Dans les reliefs plantés de caféiers du département de Risaralda, territoire ancestral du peuple embera, l’excision continue de toucher des dizaines voire des centaines de fillettes. Aucune donnée officielle ne permet d’en mesurer l’ampleur exacte. À la naissance des nourrissons, les sages-femmes utilisent une lame ou un clou chauffé à blanc, rapportent des femmes de la réserve embera chami de Pueblo Rico, zone sous juridiction indigène.

Mme Guasorna, aujourd’hui âgée de 74 ans, a appris son excision par des rumeurs, confirmées plus tard par sa sœur. Au sein de la communauté embera, ce sujet reste tabou. « On voyait souvent des fillettes mortes, on pensait que c’était normal », confie cette agricultrice qui a assisté des accouchements familiaux sans jamais pratiquer de mutilations génitales.
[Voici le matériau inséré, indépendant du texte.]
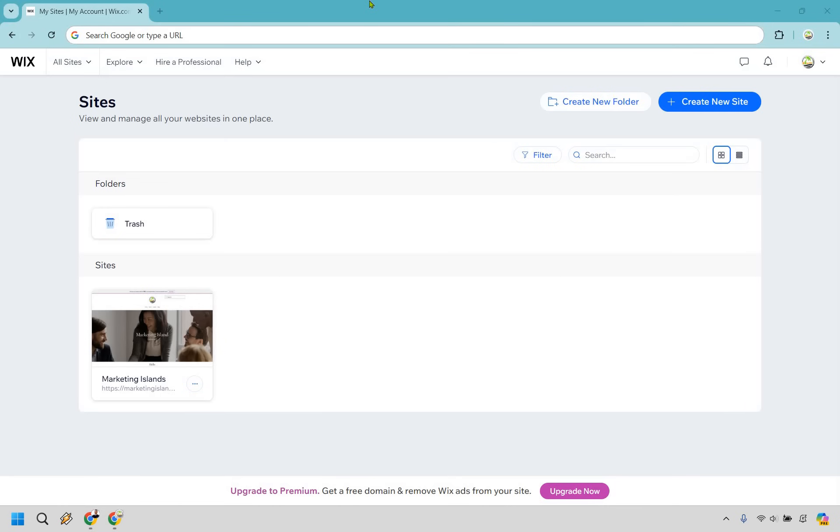Welcome to my Wix landing page tutorial. Here I'm going to show you how to create a landing page with Wix and it's very straightforward to do. You can follow along with me right now, so let's begin.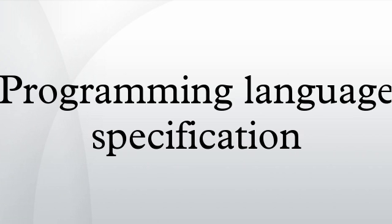Perl is a notable example of a language without a specification, while PHP was only specified in 2014, after being in use for 20 years.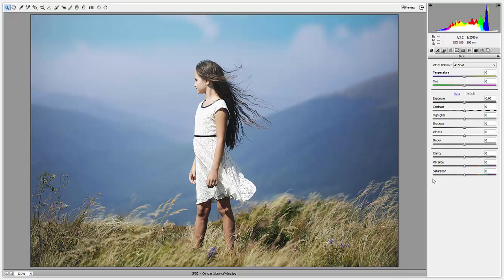So first let's look at contrast and clarity. Both affect the tonal range of your image. Contrast affects the highlights and shadows of the image, while clarity is going to affect the mid-tones.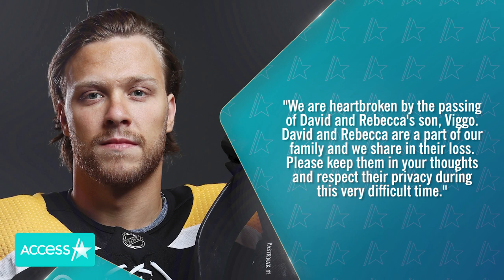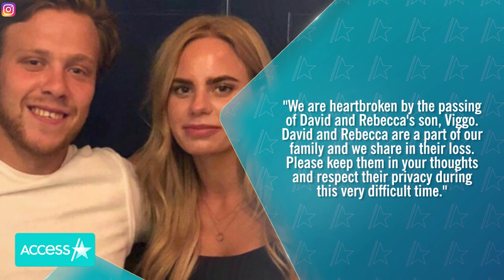David's Bruins family shared their own message on social media, which read, We are heartbroken by the passing of David and Rebecca's son, Viggo. David and Rebecca are a part of our family, and we share in their loss. Please keep them in your thoughts and respect their privacy during this very difficult time.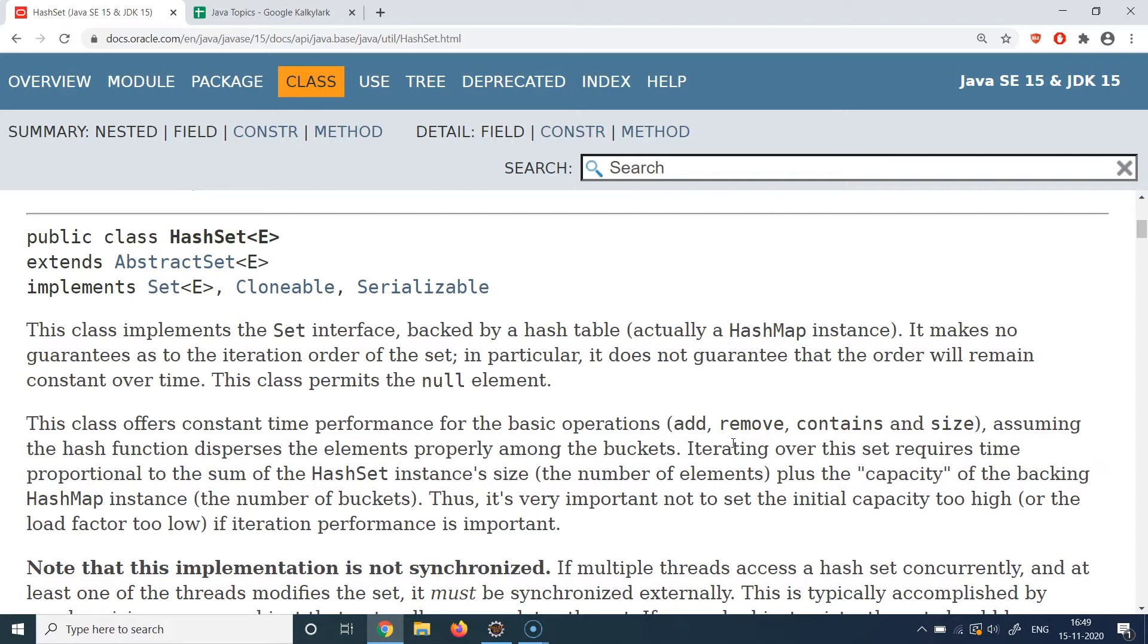It provides similar kinds of utility methods to the List interface collection hierarchy we covered, like some utility methods to add the elements, to remove the elements, to check the size of the collection, and to check if an element exists in the collection or not. We will cover some of these methods in the demo. This is again not synchronized, so this is not a thread-safe collection which you should know.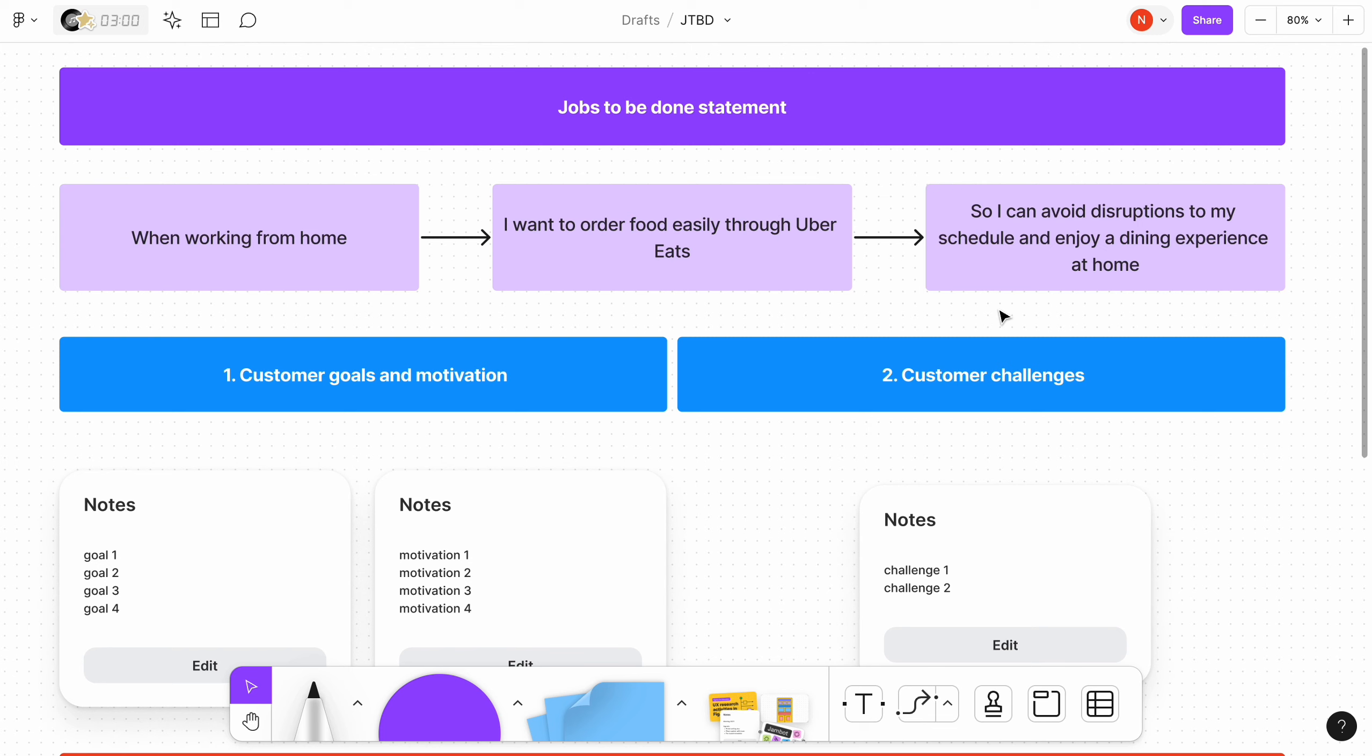From this statement, my situation: I work from home, my core motivation: I want to order food easily to avoid disruption, the outcome I expect: enjoy a dining experience at home.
Pour mettre fin à cette tradition, des dirigeantes autochtones et des parlementaires ont présenté un projet de loi inédit, actuellement débattu au Parlement colombien. Son objectif est d’interdire l’excision sans pour autant pénaliser les accoucheuses, considérées comme des victimes du manque d’information. L’initiative mise avant tout sur des actions de prévention.

Dans les communautés concernées, l’ablation du clitoris vise à éviter que les fillettes ne deviennent des femmes « faciles » ou que leur clitoris ne grossisse au point de ressembler à un pénis, expliquent les femmes embera. Sans cet organe dédié au plaisir, les relations sexuelles deviennent souvent synonymes de souffrance. Etelbina Queragama, 63 ans, au visage orné de dessins traditionnels, raconte n’avoir jamais ressenti autre chose que des « douleurs » lors des rapports. L’un de ses sept enfants traduit ses paroles de l’embera vers l’espagnol.
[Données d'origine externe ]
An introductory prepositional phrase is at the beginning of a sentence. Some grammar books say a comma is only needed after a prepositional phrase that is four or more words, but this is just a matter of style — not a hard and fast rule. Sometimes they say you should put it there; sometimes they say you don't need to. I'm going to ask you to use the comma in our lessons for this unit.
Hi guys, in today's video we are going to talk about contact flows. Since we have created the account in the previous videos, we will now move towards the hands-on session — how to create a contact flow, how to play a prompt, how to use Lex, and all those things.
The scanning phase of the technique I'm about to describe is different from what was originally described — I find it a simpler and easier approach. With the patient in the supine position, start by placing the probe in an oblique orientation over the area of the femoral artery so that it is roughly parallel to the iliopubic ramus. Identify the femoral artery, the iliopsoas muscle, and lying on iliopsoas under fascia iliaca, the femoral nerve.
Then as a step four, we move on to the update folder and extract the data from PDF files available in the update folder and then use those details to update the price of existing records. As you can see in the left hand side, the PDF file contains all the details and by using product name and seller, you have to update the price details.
L’ablation totale ou partielle du clitoris peut provoquer des hémorragies, des infections, voire la mort, et constitue une violation des droits fondamentaux des fillettes, rappelle l’Organisation mondiale de la santé. Selon l’ONG Equality Now, 204 mutilations génitales ont été recensées en Colombie entre 2020 et 2025. Mais ces chiffres sont probablement très en deçà de la réalité, l’isolement des communautés et le secret qui entoure cette pratique entravant tout recensement fiable.

« Il y a un sous-enregistrement incroyable », affirme Sarita Patiño, médecin dans l’un des hôpitaux accueillant des victimes à Pueblo Rico. Depuis le début de l’année, elle a déjà comptabilisé six cas. En février, un nourrisson de six mois est arrivé avec de la fièvre. « La petite avait une mutilation du clitoris, comme une brûlure », raconte la praticienne. Selon Francia Giraldo, dirigeante embera, de nombreuses fillettes meurent sans jamais passer par l’hôpital, sans certificat de naissance ni acte de décès. Elles « se vident de leur sang » et « certaines mères ne les amènent pas à l’hôpital, elles les enterrent directement », explique-t-elle.

Pour Carolina Giraldo, historienne et députée à l’origine du projet de loi, la théorie la plus plausible est que cette coutume soit arrivée d’Afrique, où elle persiste dans 33 pays. « Cette transmission culturelle pourrait être née de l’interaction entre les embera et les esclaves africains » durant la période coloniale, avance-t-elle. La Colombie connaît en effet d’importants contacts et métissages entre populations autochtones et afro-colombiennes. Selon les Nations unies, 230 millions de femmes auraient subi une mutilation génitale dans le monde.

Dans la réserve embera de Pueblo Rico, beaucoup détournent le regard ou restent silencieux lorsque le sujet de l’excision est évoqué. Sous la juridiction indigène, pratiquer une ablation du clitoris est théoriquement puni d’un carcan en bois. Francia Giraldo, première femme à diriger sa communauté et figure de proue du projet de loi, souhaite voir « des femmes qui défendent les droits des femmes » se rendre dans les territoires les plus reculés pour sensibiliser contre les mutilations génitales. Les accoucheuses ne font que suivre une coutume, insiste-t-elle, en plaidant pour un plan étatique et de la pédagogie. « Cela me fait mal quand on nous traite d’assassines, d’ignorantes », confie-t-elle.